As a Muslim, this issue hits close to my heart.
In 1999, my mother came to the United States from Nigeria, a year after my birth. Two years later, my three sisters and I came, along with my dad. We came to the United States for a better life. It saddens me to witness discrimination against those who are Muslim.
My religion is not one of hatred and violence. In my faith, I believe “asalam alaykum” which means “peace to you.” We practice love. My mosque has so many programs to help others. For example, we collect food for the homeless in the community.
Still, one of the top groups that are discriminated against over the years in America is Muslims. The indication of these phenomena appears to have been on the rise in recent years after 9/11. Many Muslims experience discrimination outside their homes — being called a terrorist, getting threats from non-Muslims and being harassed at work.
Senior Sam Sawadogo is Muslim and said his religion, Islam, is “not a violent religion.”
“It’s about peace and the belief of God,” Sawadogo said. “Muslims are not terrorists; many people in this country discriminate against them while the majority of Muslims only seek peace.”
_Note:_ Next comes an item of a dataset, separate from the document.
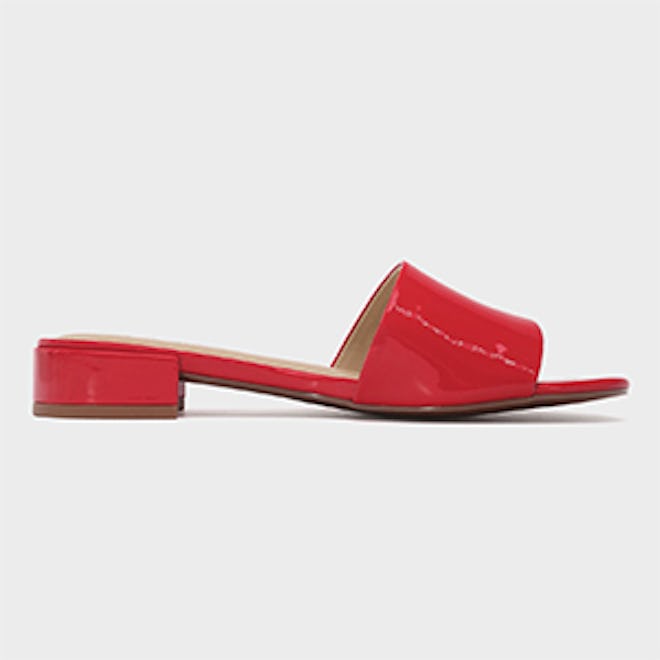 Who What Wear Women’s Mae Patent Heeled Slide Sandals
There is a strong understanding among many Muslims that, when it comes to racial minorities, it doesn’t matter if you’re a Kosovar Muslim, a Chechen Muslim, a Black Muslim, a white Muslim, a Kashmiri Muslim or a Somali Muslim, you will still be treated like you’re a bad person.
One of the most important and overlooked facts about American Muslims is that they are not all uniformly religious and dedicated. Some are religiously dedicated, some are religiously moderate and some are non-practicing and non-religious, fundamentally Muslim in name only; similar to a good portion of U.S. Christians and Jews.
Some attend mosque on a weekly basis and pray every day, while others don’t engage in either practice. There is a huge difference between a high-minded Muslim and an Islamic extremist.
Even though the U.S is supposed to be a safe place to practice your religion, many Americans view Islam as a religion of violence. Part of this perception is because Muslims dress differently and have different religious views from the majority of American Christians.
The Muslim’s everyday living styles are actually very comparable to the Christian’s. If people took the time to know more about their Muslim neighbors and their personal lives, instead of the bad things they watch on the news, they would see that although we are different, we have a lot of common ground. In addition, it doesn’t help that the movies even portray Muslims as the bad guys, which further enhances the American people’s negative view.
It seems the Muslim community remains mute while radical Muslims kill and torture Christians and Jews in the name of the religion. Islam is supposed to be a religion of peace, but because of disasters caused by Islamic terrorist groups like ISIS and al-Qaeda, all of the Muslim population are victimized as terrorists and murderers.
As a Muslim, let me make it loud and clear. I want peace for all people.